Après un long échange de tendres baisers entre grands-parents et petits-enfants, la voiture s’ébranle. À neuf heures passées, le thermomètre affiche encore vingt-trois degrés. Le ciel est d’un bleu uni. Les hirondelles chassent toujours. Dehors, ça sent le foin coupé et, dans la voiture, la Biafine étalée en couche épaisse sur la peau, pourtant crémée avant exposition, mais toujours si tendre, des épaules et des bas de dos des enfants. Sur les bords de la nationale ombragée par d’imposants platanes, les coquelicots forment des îlots rouges qui m’évoquent, à chaque fois, certaines toiles impressionnistes.

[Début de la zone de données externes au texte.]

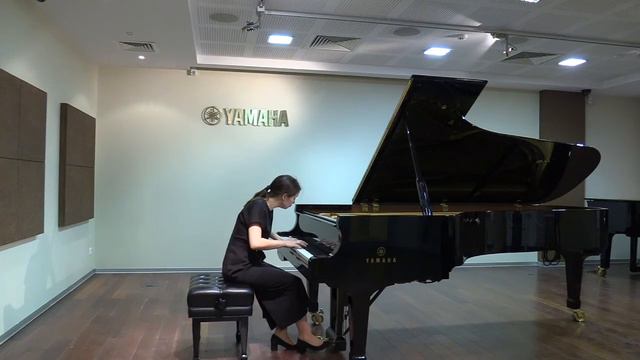 Shubert Sonata B dur D.960 Olesya Golovanova смотреть онлайн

L’A6 est fluide.
Nous arriverons tard, mais tant pis. Nous aurons profité jusqu’au bout de ces trois magnifiques journées, de ce superbe long week-end de la
Pentecôte. L’Esprit Saint sera venu chasser le souvenir triste et froid du retour dans les cieux, la semaine passée, de Jésus, à la droite de Dieu le Père. Nous aurons pris le temps d’apprécier ce dernier dîner composé de délicieux restes, partagé autour de la grande table en bois, sous le cerisier dont les fruits commencent à rougir.
Les rayons doux du soleil jouaient à cache-cache dans les rosiers. Dans un coin, la grosse brouette que les enfants adorent, semblait, elle aussi, apprécier cette superbe fin de lundi de la Pentecôte. Deux vélos et un tricycle avaient été abandonnés çà et là dans le jardin. Les filles faisaient observer que les pivoines, encore totalement repliées sur elles-mêmes ce matin, commençaient à ouvrir délicatement leurs pétales. Victoire et Louis plongeaient leur nez dans le cœur de grosses roses grenat. Avant de passer à table, une mamie, aidée de l’une de ses petites filles avait été ramasser, dans le potager, de la romaine aux longues feuilles délicieusement craquantes et de jeunes pousses d’épinards. Un papi pestait contre les limaces dévoreuses de fraises. Il avait entrepris de les aider à gagner le paradis des nuisibles en tout genre, grâce à des granules d’un beau bleu.
Trois jours durant, grands et petits avaient pu vivre le bonheur simple du beau temps retrouvé. Prenant exemple sur les petits, les grands avaient oublié hier et demain et renoué avec le carpe diem, cher à Horace. On avait été heureux de laisser son corps s’épanouir dans des vêtements légers. On avait adoré sentir la chaleur des pavés et la douceur de l’herbe sous la plante des pieds. On avait aimé, à la nuit tombée, se laisser bercer par le récital assourdissant des crapauds et des grenouilles des Dombes. Le cerveau s’était empressé d’associer ces croassements et cette sensation d’un soir d’été à une phrase de Claude Piéplu dite à Jean-Pierre Marielle dans le cultissime « diable par la queue » : « Ce soir, les grenouilles sont amoureuses ».
Les enfants avaient parcouru, à vélo, des kilomètres autour de la maison. Dans la piscine, les filles avaient réalisé des centaines de pirouettes avant et arrière, plongé pour récupérer des objets et sauté avec leur petit frère jusqu’à l’épuisement.
Il est minuit quand nous arrivons chez nous. Les clefs sont bien sur la porte qui n’a pas été ouverte. Les clochettes du fuschia et les fleurs des rhododendrons font grise mine. Le poisson rouge dort. Les miettes de nourriture que je dépose à la surface du bocal ne le réveillent même pas. Chaque enfant se glisse dans son lit avec joie. Qu’ils partent deux jours ou un mois, leur bonheur de retrouver leur univers reste intact.
Une heure, extinction générale des feux. Mes yeux se ferment sur les enfants faisant de « lapin ture » sous l’auvent.